* Work order: Copy all records exactly; omit pictures.
*** Opening of Working data ***
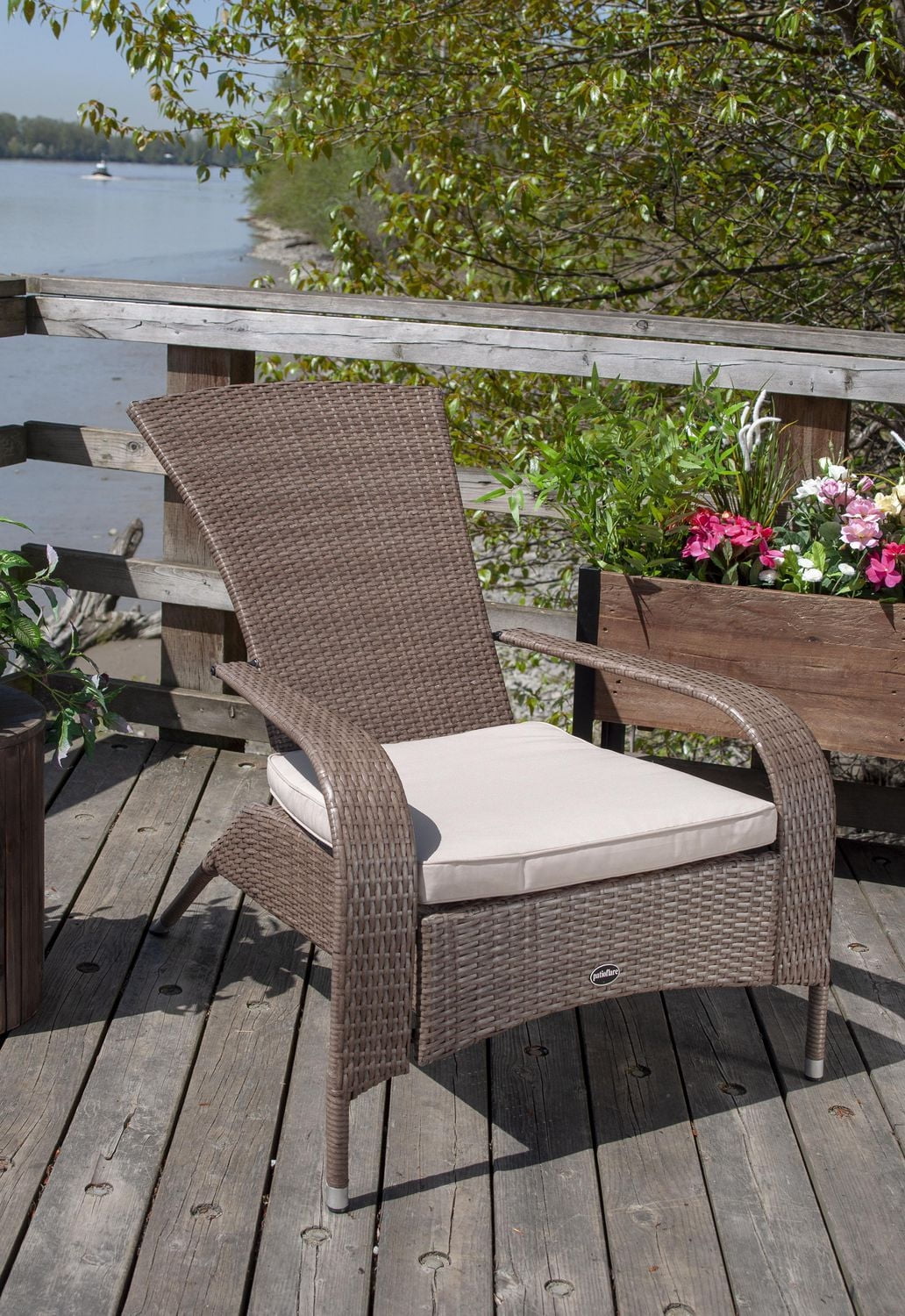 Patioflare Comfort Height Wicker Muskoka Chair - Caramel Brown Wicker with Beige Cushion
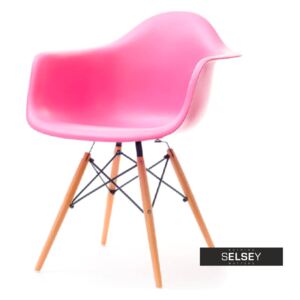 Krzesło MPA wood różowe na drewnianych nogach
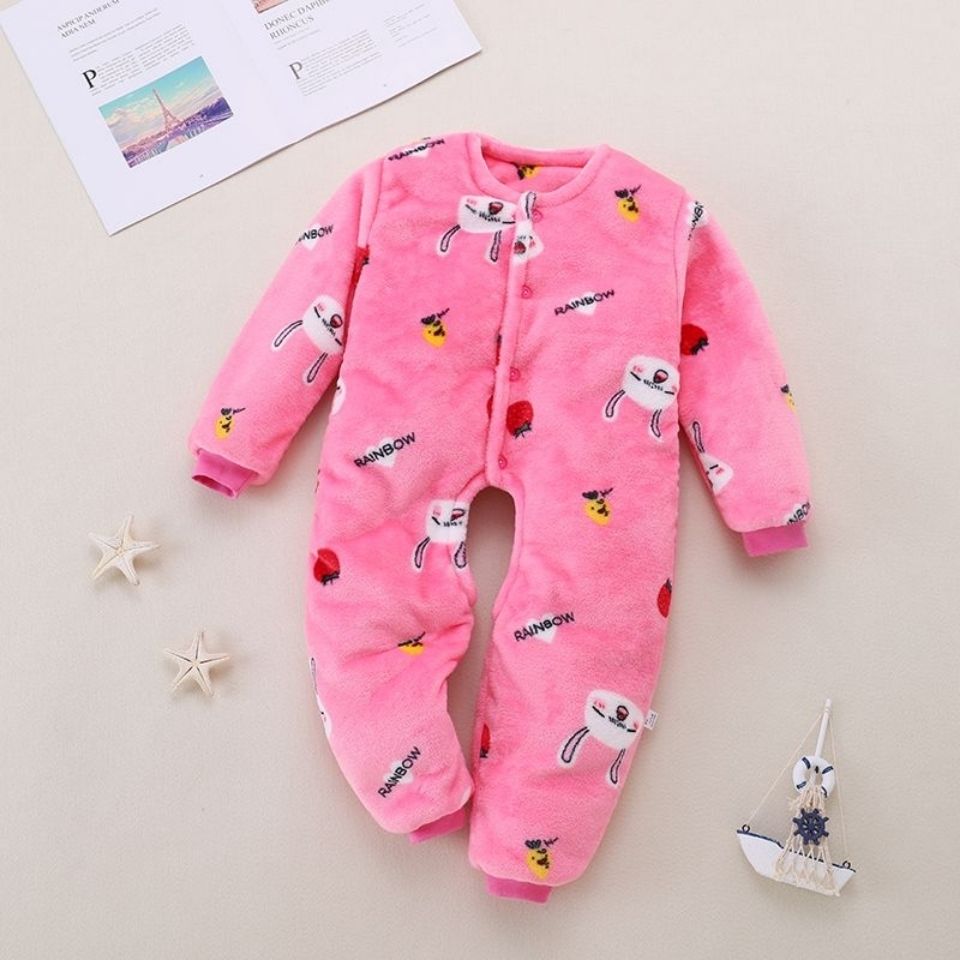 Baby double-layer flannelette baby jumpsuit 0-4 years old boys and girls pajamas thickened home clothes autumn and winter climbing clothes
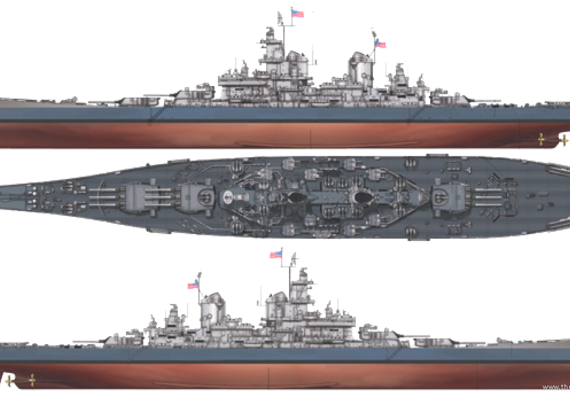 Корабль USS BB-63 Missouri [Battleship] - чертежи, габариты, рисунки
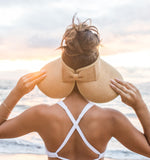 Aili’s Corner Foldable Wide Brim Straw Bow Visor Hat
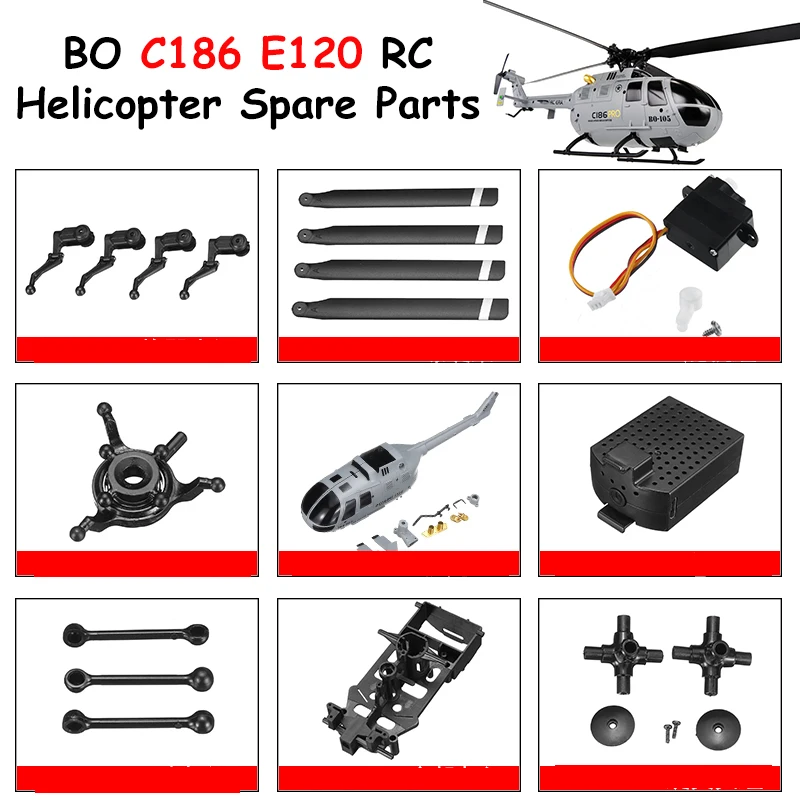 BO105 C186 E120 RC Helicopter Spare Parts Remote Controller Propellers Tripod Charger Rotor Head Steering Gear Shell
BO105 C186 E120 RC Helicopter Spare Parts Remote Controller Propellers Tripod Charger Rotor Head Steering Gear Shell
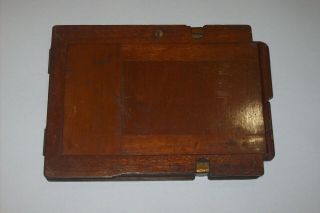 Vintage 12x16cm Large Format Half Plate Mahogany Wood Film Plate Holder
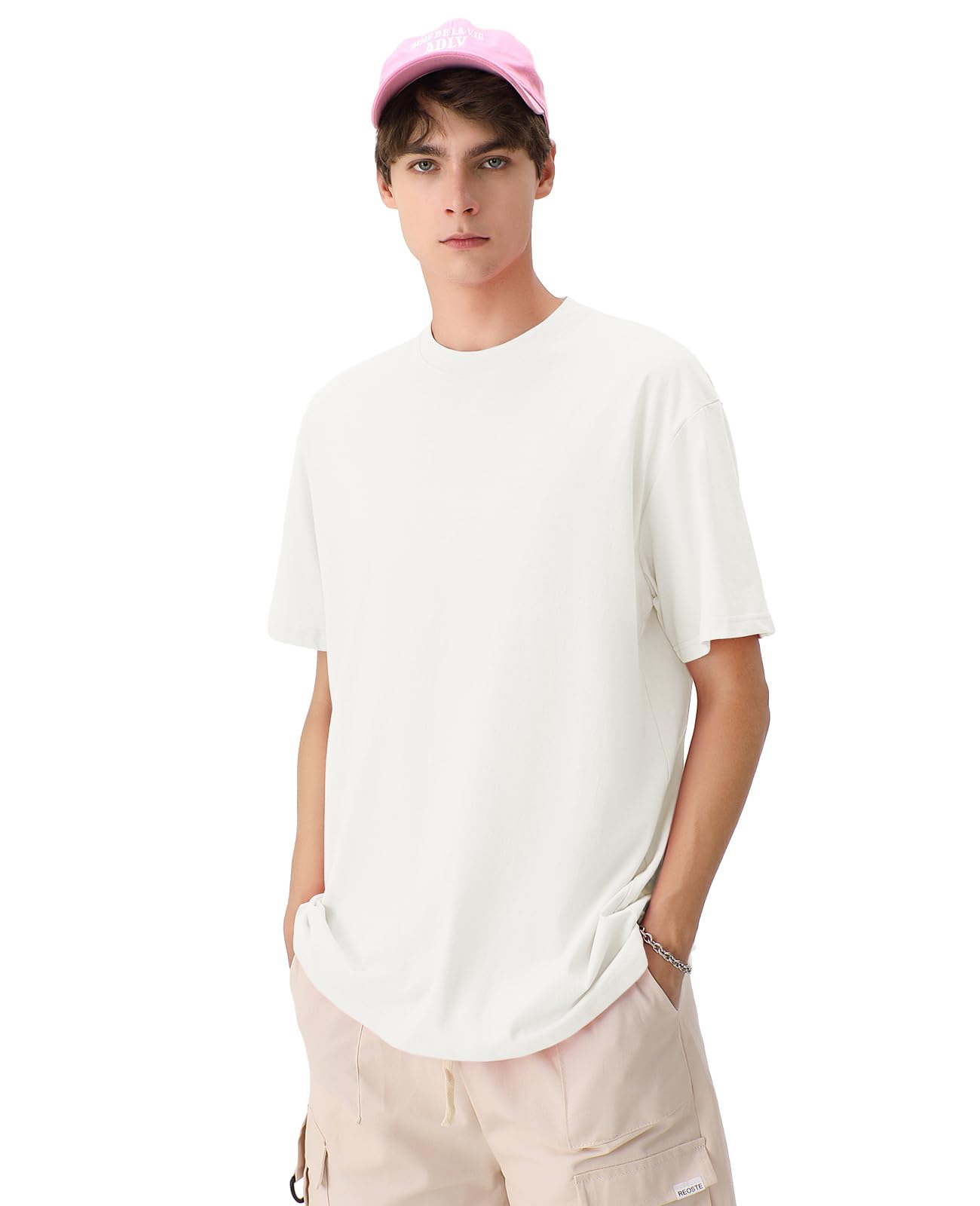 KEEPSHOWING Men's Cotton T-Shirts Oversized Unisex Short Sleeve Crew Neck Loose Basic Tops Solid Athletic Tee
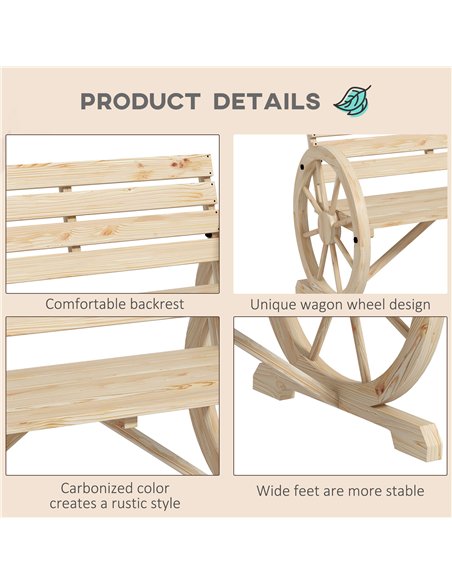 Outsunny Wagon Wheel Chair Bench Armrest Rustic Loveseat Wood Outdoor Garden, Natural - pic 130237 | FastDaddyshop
*** Close of Working data ***
* Your response:
 Patioflare Comfort Height Wicker Muskoka Chair - Caramel Brown Wicker with Beige Cushion
 Krzesło MPA wood różowe na drewnianych nogach
 Baby double-layer flannelette baby jumpsuit 0-4 years old boys and girls pajamas thickened home clothes autumn and winter climbing clothes
 Корабль USS BB-63 Missouri [Battleship] - чертежи, габариты, рисунки
 Aili’s Corner Foldable Wide Brim Straw Bow Visor Hat
 BO105 C186 E120 RC Helicopter Spare Parts Remote Controller Propellers Tripod Charger Rotor Head Steering Gear Shell
BO105 C186 E120 RC Helicopter Spare Parts Remote Controller Propellers Tripod Charger Rotor Head Steering Gear Shell
 Vintage 12x16cm Large Format Half Plate Mahogany Wood Film Plate Holder
 KEEPSHOWING Men's Cotton T-Shirts Oversized Unisex Short Sleeve Crew Neck Loose Basic Tops Solid Athletic Tee
 Outsunny Wagon Wheel Chair Bench Armrest Rustic Loveseat Wood Outdoor Garden, Natural - pic 130237 | FastDaddyshop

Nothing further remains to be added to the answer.